4K/HDR Performance TL;DR: Although limited in terms of peak brightness, the deep blacks, precise highlights and gorgeous colors make for an impressive HDR experience.
LG have packed 2.2-channels and 40W of amplification into the C8’s slim frame, and when you consider how thin this TV is, the sound is remarkably good.
A speaker works by moving air; the bigger the driver, the more air it can move and the better it sounds. If you can only fit tiny speakers into a TV chassis then you’re going to struggle to deliver anything approaching a decent level of sound quality. As Mr. Scott is fond of saying in Star Trek, you can’t change the laws of physics.
However you can help physics out, and the streamlined Alpine stand, as LG call it, actually does a great job re-directing the TV’s audio at the viewer. It also manages to create a wider and more expansive front soundstage, performing better than most other TVs with similarly svelte dimensions: There’s a solid mid-range and the top end sounds decent, but the bass is understandably limited.
It will never sound as good as a dedicated soundbar but it’s certainly an improvement, and the fact that the Alpine stand also looks nice is an added bonus.
LG is one of the few TV manufacturers to include Dolby Atmos processing in its higher-end models, and this applies some psycho-acoustic trickery to help create a more immersive soundstage.

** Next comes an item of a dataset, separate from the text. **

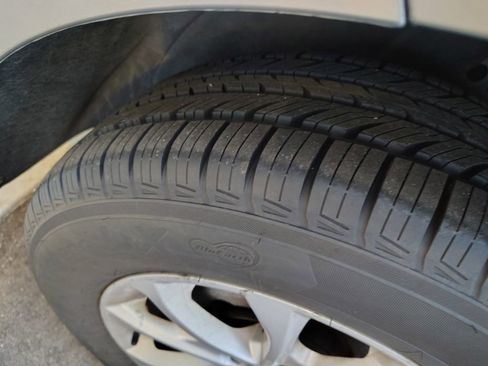 Used 2019 Chevrolet Equinox LT image 8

It does work to a degree, but eventually we come back to the laws of physics, and the effectiveness of the processing is limited by the native capabilities of the speakers built into the C8. If you want a big sound to go with those lovely images, you’ll need to invest in a soundbar.

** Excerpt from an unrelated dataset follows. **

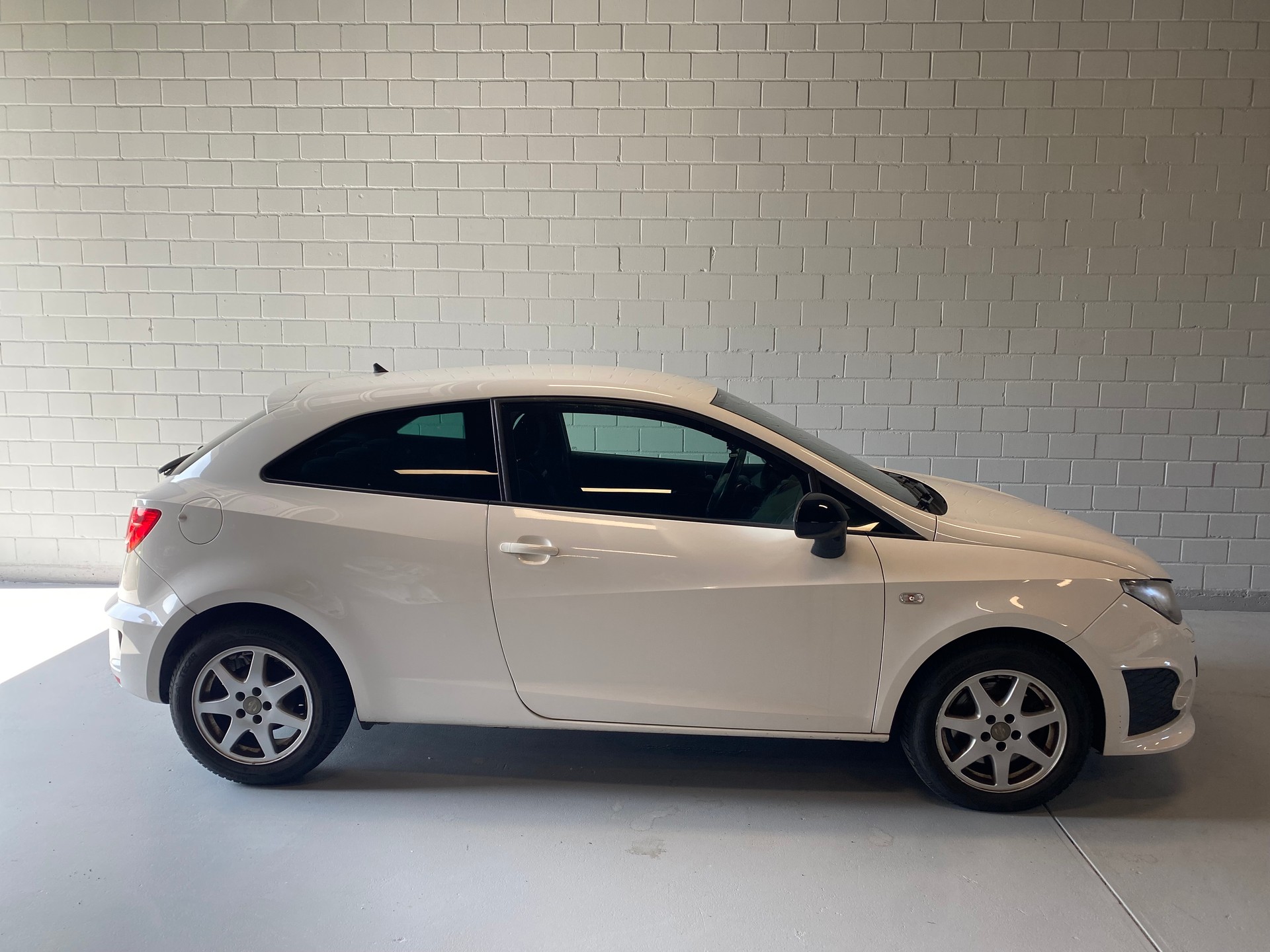 SEAT Ibiza SC 1.4 TSI Cupra DSG-image-1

Sound TL;DR: The Alpine stand doesn’t just look nice, it actually helps improve the sound of this ultra-thin TV. But ultimately you can’t cheat the laws of physics.
LG’s C8 builds on the success of last year’s models, resulting in a TV that can deliver astonishing HD/SDR images and equally impressive 4K/HDR pictures. It’s not as bright as an LCD TV but those deep blacks make a huge difference to the dynamic range of the image. It’s also capable of vibrant and gorgeous colors, not to mention an astounding level of detail with native 4K content.
The WebOS smart platform remains the best available and the choice of streaming services is second to none. Once you add the gorgeous design and a comprehensive set of features, you have one of the most complete TVs that we’ve ever reviewed.
Other panels to ponder…
If you’re in the market for an OLED TV then ironically the C8’s biggest competition probably comes from last year’s LG models, with the excellent B7 OLED and C7 OLED both heavily discounted at this time. In terms of 2018 OLED TVs, and sticking with LG, there’s the upcoming B8 OLED which is cheaper but uses the Alpha 7 processor, and thus lacks some of the new picture features.
Alternatively you could look at the Sony AF8 (Sony A8F OLED in the US), although the Android smart platform is less than ideal and its implementation of Dolby Vision has been a mess. In addition there’s the Philips 9002 but that also uses Android and doesn’t support Dolby Vision. The Panasonic FZ802 doesn’t support Dolby Vision either, but on the plus side it doesn’t use Android and supports HDR10+.
Another option for our UK readers is the Philips 802 OLED. Buyers should weigh the visual benefits against the minor irritations, like poor catch-up TV provision, just two full-spec UHD HDMI inputs and the lack of Dolby Vision. Philips Hue-compatible Ambilight room lighting system, and the promise of an early upgrade to the new Android Oreo TV OS, however, might just balance the books.
Finally if you fancy an LCD panel, then the excellent Samsung Q9FN QLED TV uses direct LED backlighting to deliver near-OLED blacks and a huge peak brightness, making it ideal for HDR. Since it also has a 21ms input lag and doesn’t suffer from image retention or screen burn, it’s also a great choice for gamers.